Something we may be missing
My friend, Dave, an oculoplastic surgeon, trained the same time I did. He was extremely intelligent and possessed a great sense of humor. A real jokester, he provided free cosmetic services to his office staff, and claimed in their presence that his treatments prevented them from frowning at him.
My friend, Dave, an oculoplastic surgeon and loyal Ophthalmology Times reader, trained the same time I did. He was extremely intelligent and possessed a great sense of humor.
A real jokester, he provided free cosmetic services to his office staff, and claimed in their presence that his treatments prevented them from frowning at him. That way, he said, whatever bad jokes or annoying comments the boss made, all he saw when he looked at his staff was happy smiling faces looking back at him.

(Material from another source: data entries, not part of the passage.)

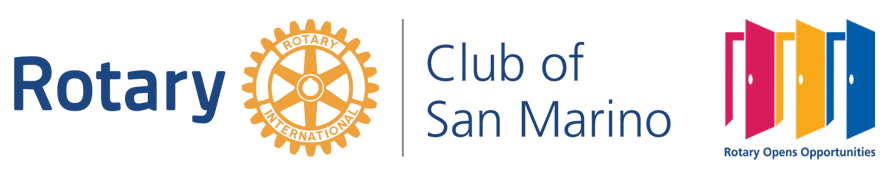 Rotary Club of San Marino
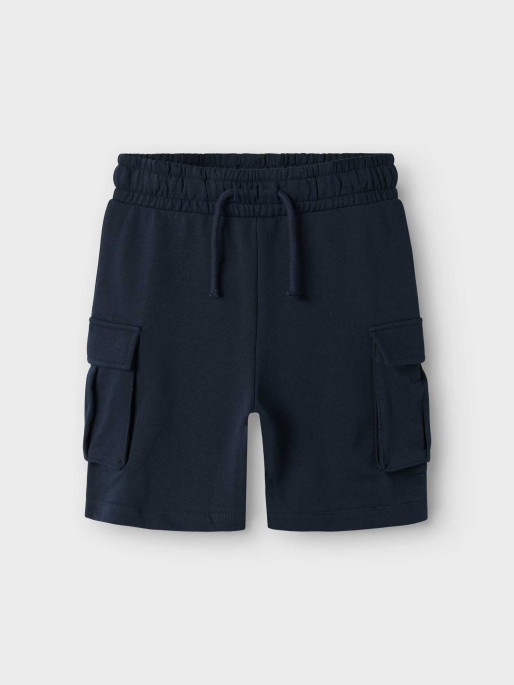 NAME IT Pantaloni scurti Nkmollie Cargo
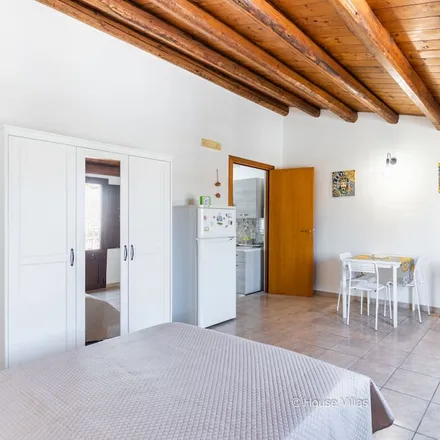 Image 5 - Avola, Circonvallazione di Avola, 96011 Avola SR, Italy - Apartment for rent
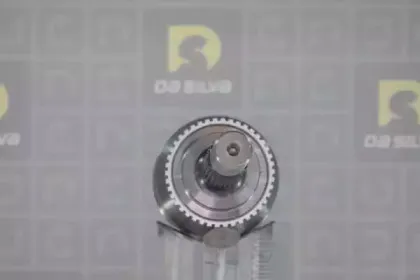 dasilva-j7387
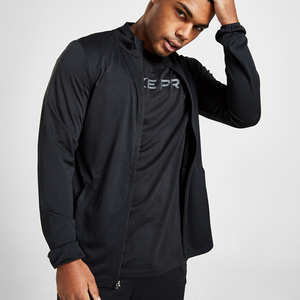 Costume de Jogging 2021 Polyester pour hommes et femmes, survêtement de sport, à la mode, nouvelle collection, 100% - Product Image 6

I use the past tense because Dave died in his 40s from complications of sleep apnea.
Opening eyes to awareness
Incredibly, for a disease that did not even seem to exist during my days as a medical student and intern, sleep apnea is said to affect 1 in 4 men--the prevalence in women is less than half that.
I first became aware of this entity when, as an assistant professor in my cornea practice, I began seeing patients with inflamed tarsal conjunctivae and lax upper lids: the newly recognized floppy eyelid syndrome. Most of these patients were quite overweight and some would share that they would wake up to find their upper eyelids inverted. It never seemed (and to this day still does not seem) obvious to me that sleep apnea should manifest itself by dissolution of the tarsus.
Of people diagnosed with keratoconus, one study found that about 1 in 5 have a history of sleep apnea (compared with only 6.5% of controls). But more than half of the keratoconus patients were found to be at high risk for sleep apnea using a questionnaire designed to detect the disease, compared with 27% of controls. Similar to the eyelid problem, I fail to see why night-breathing problems should cause corneal ectasia, but the data supporting the association seem pretty strong.
But the sequelae of nocturnal airway obstruction are not confined to the eyelids and cornea. Reportedly, 70% to 80% of nonarteritic anterior ischemic optic neuropathy victims have sleep apnea. Interrupted breathing and resulting increased CO2 levels are linked to cerebral edema and resultant papilledema. These optic nerve manifestations do seem intuitively to make sense from a pathophysiologic perspective.
Other conditions thought possibly associated with sleep apnea are open-angle glaucoma and central serous chorioretinopathy, but data supporting these associations are not conclusive.